PHILIPSBURG–Deputy Prime Minister Wycliffe Smith answered a number of questions about the status of and situation surrounding the dismissal of St. Maarten Cable TV workers and the predicament of that company’s subscribers, during the continuation of a meeting of Parliament on the subject Thursday.
Smith was deputising for Prime Minister Leona Romeo-Marlin, who he said had been ill.
Some of the answers were not shared publicly during the meeting and were only provided to Member of Parliament (MPs) confidentially, including the potential effects the pending sale of United Telecommunications Services (UTS) is likely to have on TelEm and what is being done to mitigate these possible effects; whether TelEm’s plans to find a new strategic partner have changed, and the current financial status of the TelEm Group.
The TelEm Group had signed a purchase agreement to take over ownership of Cable TV from its former owner Innovative in September 2016 and Cable TV was subsequently purchased for US $4.5 million, $2,934,000 of which was for the company’s fixed assets (buildings, vehicles, infrastructure, furniture etc.). The purchase was necessary due to several factors, including to keep large competitors out of the market, which would have eventually stifled the TelEm Group.
Smith told MPs that Cable TV had been purchased on a debt-free/cash-free basis and employees were not dismissed prior to the purchase.
As to why workers were not taken over, Smith said it had been determined by an independent expert who conducted a manpower assessment that the TelEm Group could include the Cable TV activities in its operations without requiring additional manpower other than two to four technical professionals. Therefore, the Cable TV employees were in fact redundant.

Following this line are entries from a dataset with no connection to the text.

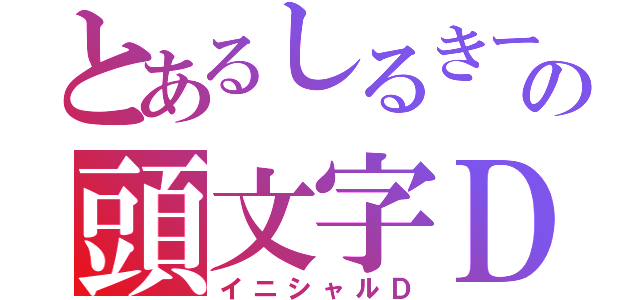 とあるしるきーの頭文字Ｄ（イニシャルＤ）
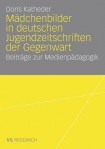 Madchenbilder in deutschen Jugendzeitschriften der Gegenwart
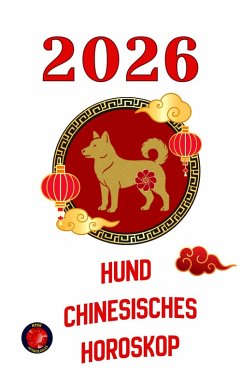 Cover Hund Chinesisches Horoskop 2026 (eBook, ePUB)
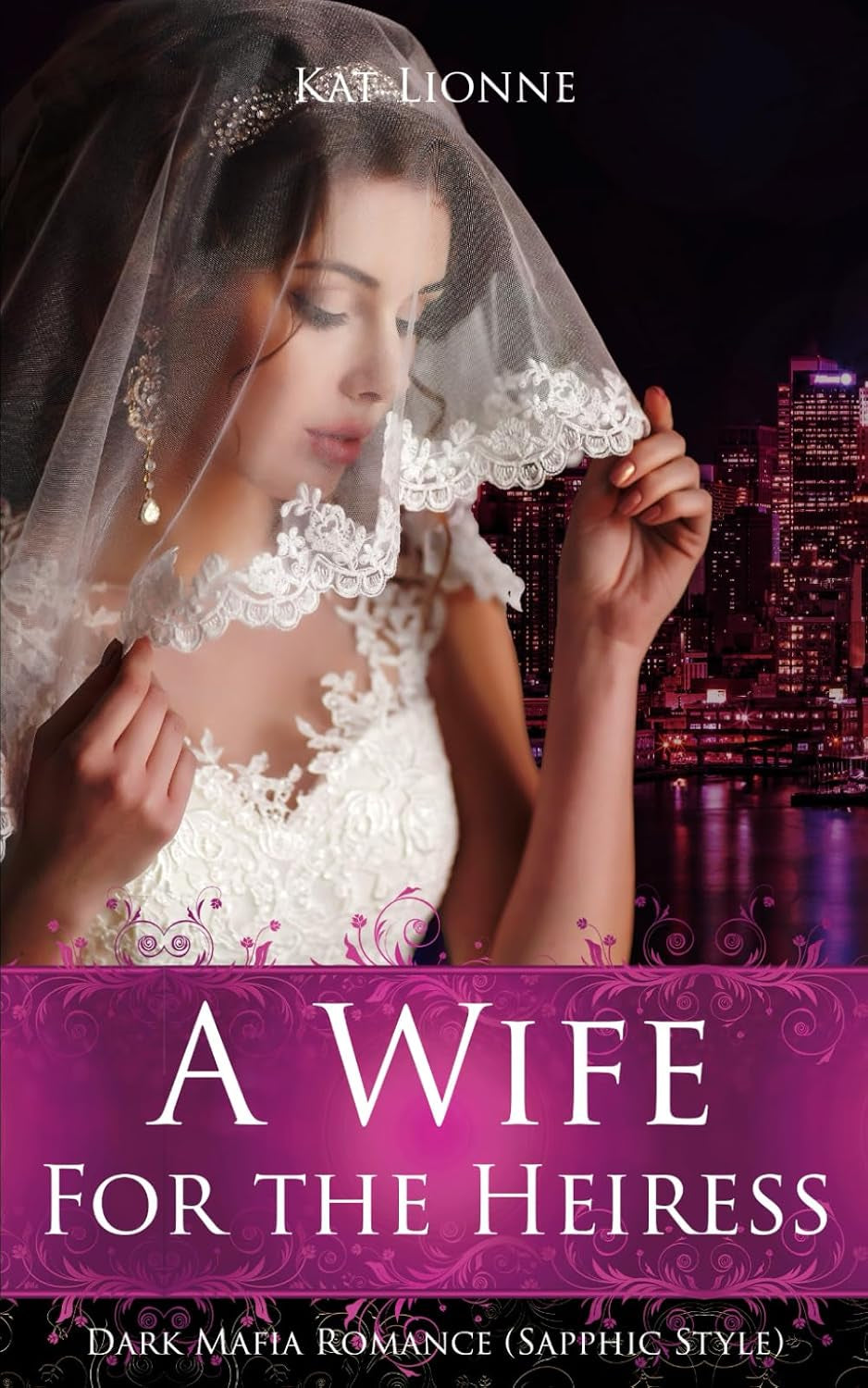 A Wife for the Heiress (English Edition): Dark Mafia Romance (Sapphic Style)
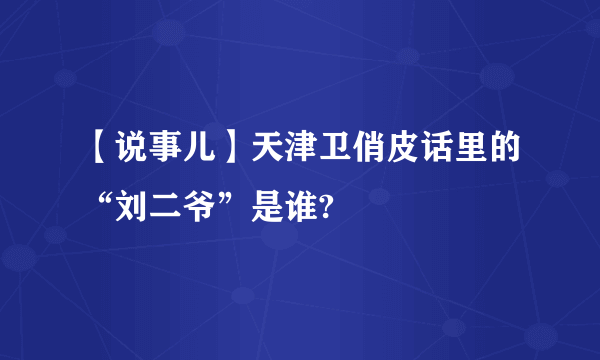 【说事儿】天津卫俏皮话里的“刘二爷”是谁?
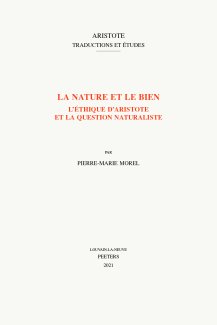 Couverture du livre La nature et le bien. L'éthique d'Aristote et la question naturaliste, de Pierre-Marie Morel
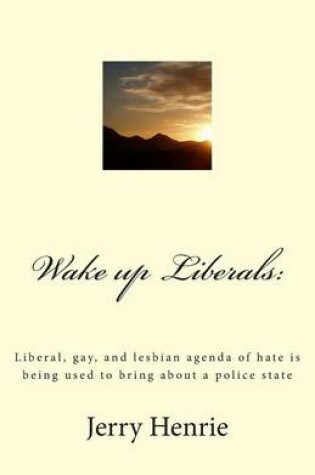 Cover of Wake Up Liberals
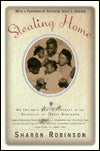 Stealing Home: An Intimate Family Portrait by the Daughter of Jackie Robinson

TelEm offered workers a layoff plan with pay-out amounts that were well above the legally required amounts.
Cable TV employees have not been integrated into TelEm, as the conclusion from the manpower assessment has not changed. “There is still no need for additional manpower and it is not expected that will change,” Smith said.
The TelEm Chief Executive Officer (CEO) had indicated initially in the layoff process that former Cable TV employees would be given preference over other applicants for job openings in TelEm. TelEm’s Help Desk has been outsourced and therefore TelEm cannot require that Cable TV employees be given preference. “However, the CEO is aware that at least one former Cable TV employee is working at Help Desk,” Smith said.

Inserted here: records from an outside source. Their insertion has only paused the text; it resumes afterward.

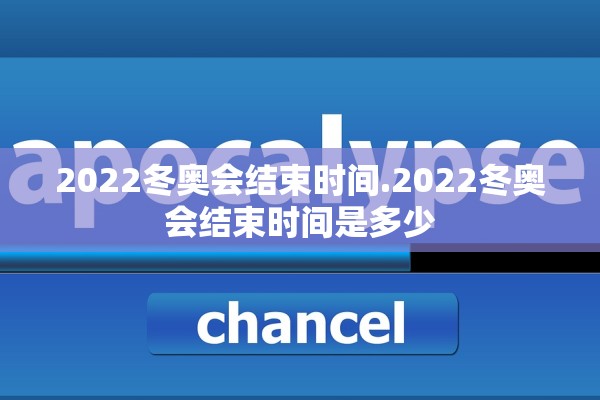 2022冬奥会结束时间.2022冬奥会结束时间是多少 2022冬奥会结束时间.2022冬奥会结束时间是多少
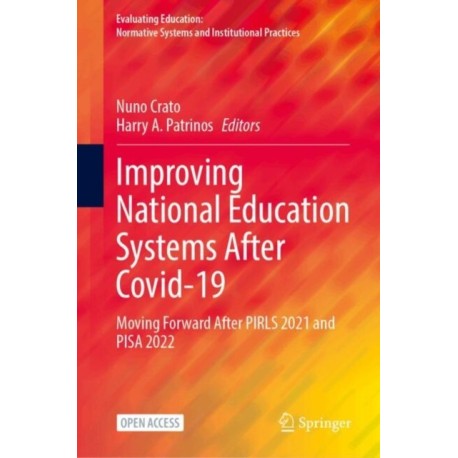 Improving National Education Systems After COVID-19: Moving Forward After PIRLS 2021 and PISA 2022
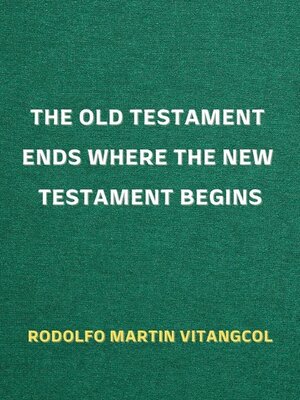 cover image of The Old Testament Ends Where the New Testament Begins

The original plan was to hire as many former Cable TV workers as required, as contractors on a temporary basis, to maintain the coax network until the Fibre to the Home (FTTH) deployment. During that time and after the FTTH project was complete Cable TV staff would be given preference over non-TelEm staff if there were job openings.
Smith said once the sale had been finalised, Caribbean Teleview Services NV had requested by letter of October 7, 2016, that the Minister of Tourism Economic Affairs Transport and Telecommunications (TEATT) transfer the licences for cable network and for television to TelEm. A copy of the letter was sent to Bureau Telecommunications and Post St. Maarten (BTP).
There are no operations in Cable TV anymore since the operations have been incorporated in the operations of TelEm Operating Company.
Cable TV was purchased so that TelEm can use its underground pipes to execute the FTTH project, blow fibre through existing pipes so as not to have to trench, and to keep a competitor out of the market, Smith said.
“If a large Internet provider or telco was able to buy the company, they would be able to enter the market and provide Internet access and VOIP [voice over internet protocol – Ed.] calls cheaply until TelEm loses enough market share, then goes bankrupt, and then raise prices,” he said.
Another reason for the purchase was so that TelEm can use Cable TV’s existing coax network for high speed data in specific areas for a short period while it executes its FTTH project.
He said, the Cable TV infrastructure had incurred major damage due to Hurricane Irma and consequently some of the benefits are now limited. However, the benefit of keeping a competitor out of the market “remains a major strategic benefit that outweigh the cost paid for the company.”
For now, the company’s name and services will remain the same.